Oui, mais pas pour tout le monde
Malgré tout, pour certains secteurs, cette transition s'avérera compliquée. D'après Anny Wahlen, psychologue du travail et des organisations, c'est la nature même des tâches à exécuter et plus particulièrement le degré de collaboration et d'interaction nécessaire qui sera déterminant pour savoir si cette option de quatre jours est réalisable ou non. «Selon le secteur, ça peut représenter un véritable défi de coordination», affirme-t-elle.
Dans la gestion de la performance des équipes de travail, quatre types de taches sont distingués:
- Additives. Chaque employé peut réaliser sa tâche dans son quotidien, travailler et délivrer la prestation de manière indépendante (au guichet ou un pôle de secrétariat)
- Séquentielles. La tâche va passer d’un collaborateur à un autre jusqu’à ce qu’elle soit livrée au client ou que le bien soit produit.
- Réciproques. Plusieurs personnes vont contribuer à la réalisation de la tâche à divers moments. C’est un flux déterminé pour pouvoir livrer une prestation.
- Intensives. L’exemple du bloc opératoire est parlant. Cela nécessite une collaboration simultanée entre les personnes.
Selon le type de tâches — ici les tâches intensives — la semaine de quatre jours est difficilement envisageable. Ce n’est donc pas une solution unique, applicable à toutes les équipes et tous les contextes, selon la psychologue du travail. C’est une option en termes de mode d’organisation du travail très intéressante pour certains domaines, afin d'attirer des talents et rendre attractif un fonctionnement d’équipe.
Mais cette option peut tout aussi bien s'avérer contreproductive. «Vouloir coûte que coûte aller dans ce sens mettrait certaines entreprises face à des situations quasi insolubles et pourrait dégrader la collaboration entre les employés. La société pourrait se focaliser sur le délivrable et non l’interpersonnel. Il y aurait donc moins de temps informel, d’ajustement et d’échange», souligne Anny Wahlen. Autrement dit, limiter le temps de cohésion au profit unique de la production serait illusoire.

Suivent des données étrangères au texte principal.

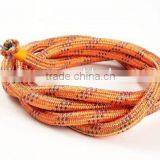 colorful polyester diamond braided rope high quality rope made from factory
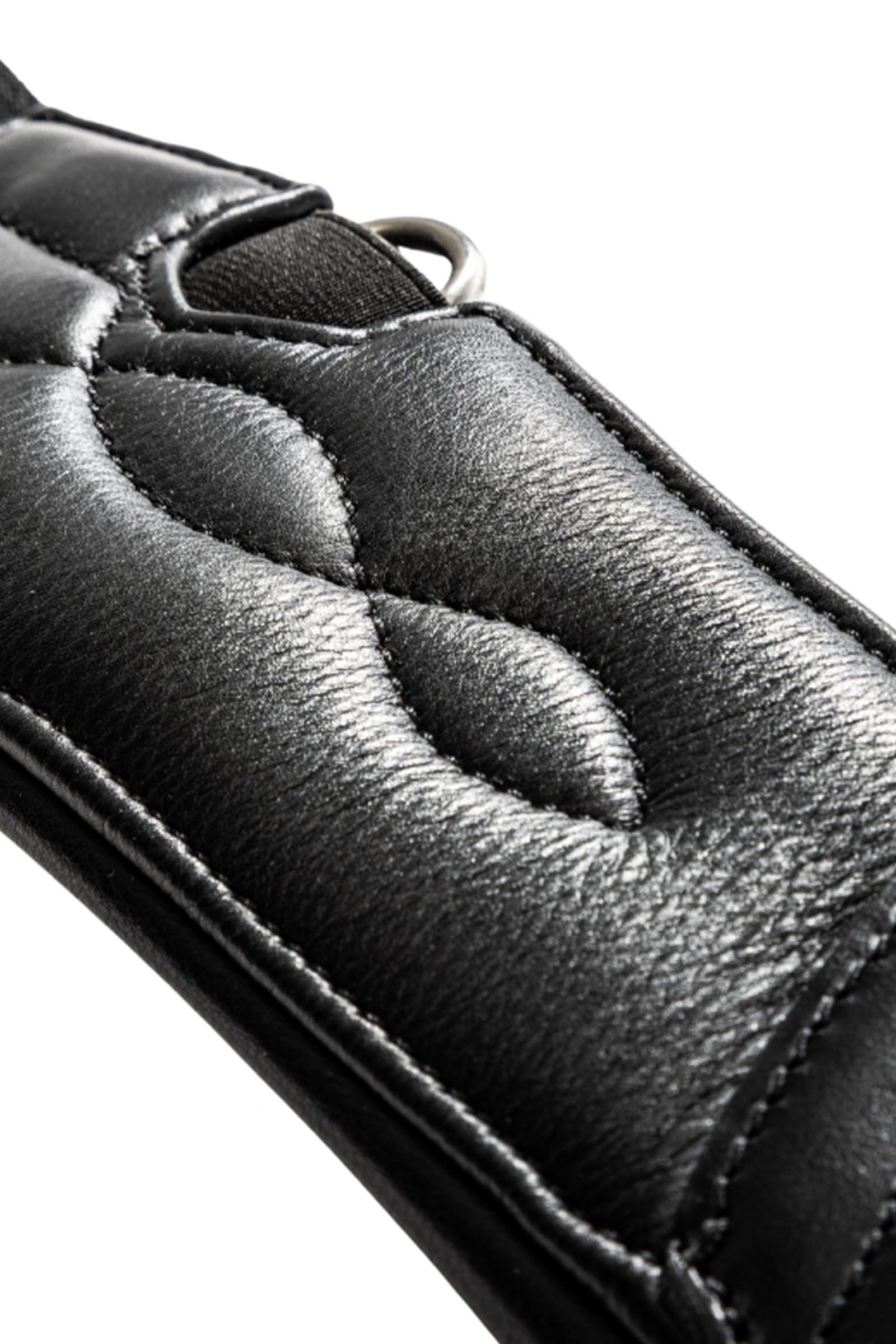 Kavalkade Julius mjuk l&auml;der magplatta sadelgjord med res&aring;r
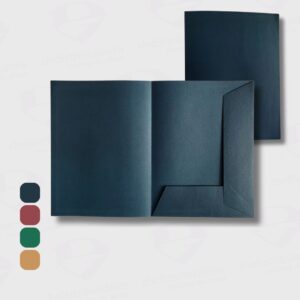 Carpeta De Cartulina 2 Solapas Para Presentacion A4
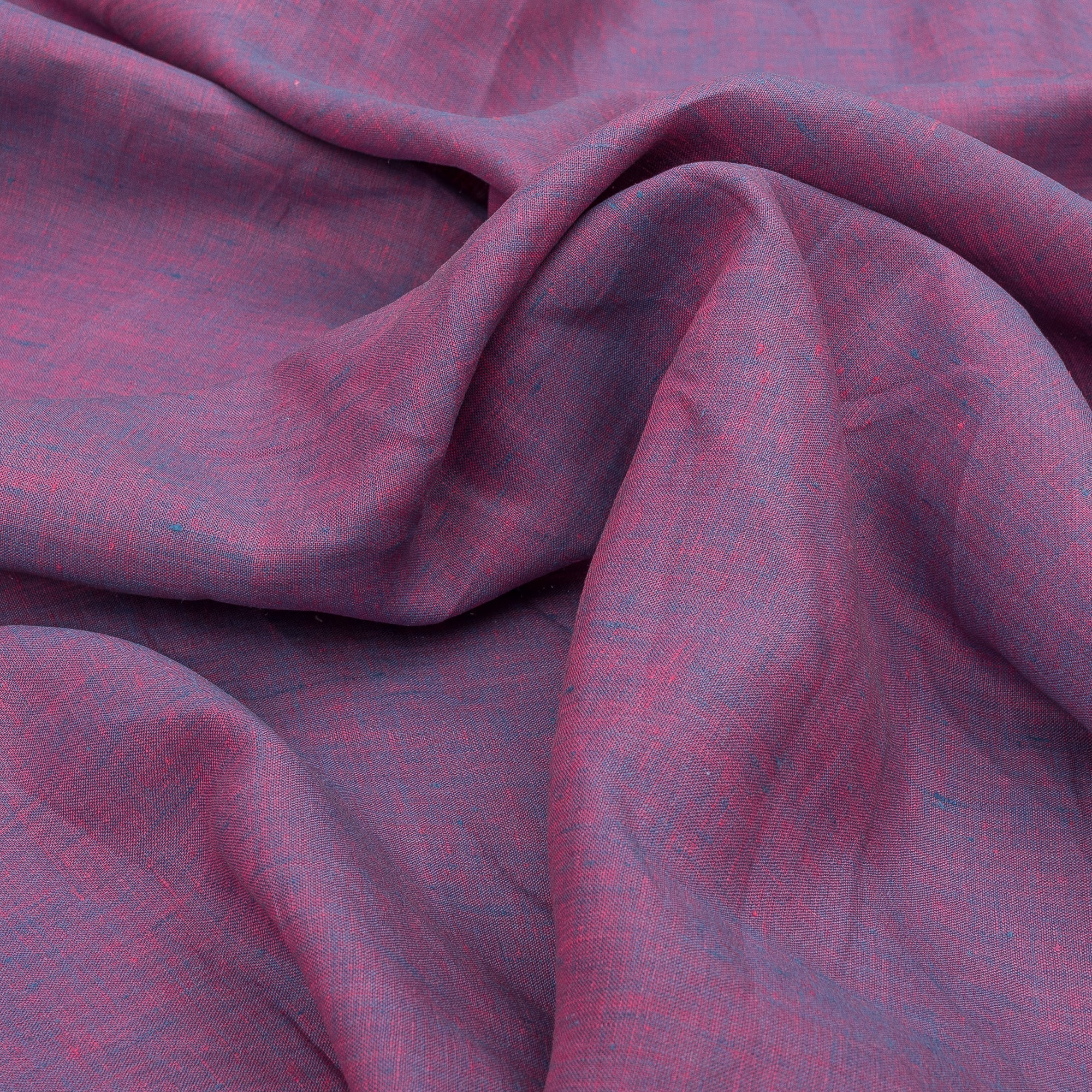 Bubblegum Fizz 100% Linen Fabric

Quoi qu'il en soit, semaine de quatre jours ou non, de nombreux secteurs vont devoir se creuser la tête pour attirer les talents de demain. Et selon Salvatore, cadre supérieur en ressources humaines qui a travaillé dans différentes organisations internationales à l'étranger, les possibilités sont vastes. «Les employeurs doivent coûte que coûte se montrer créatifs et mettre en place différentes manières de 'récompenser' leurs collaborateurs: possibilité d'acheter plus de vacances, jours de congé flexibles, prestations complémentaires offertes par la société... La liste est longue.»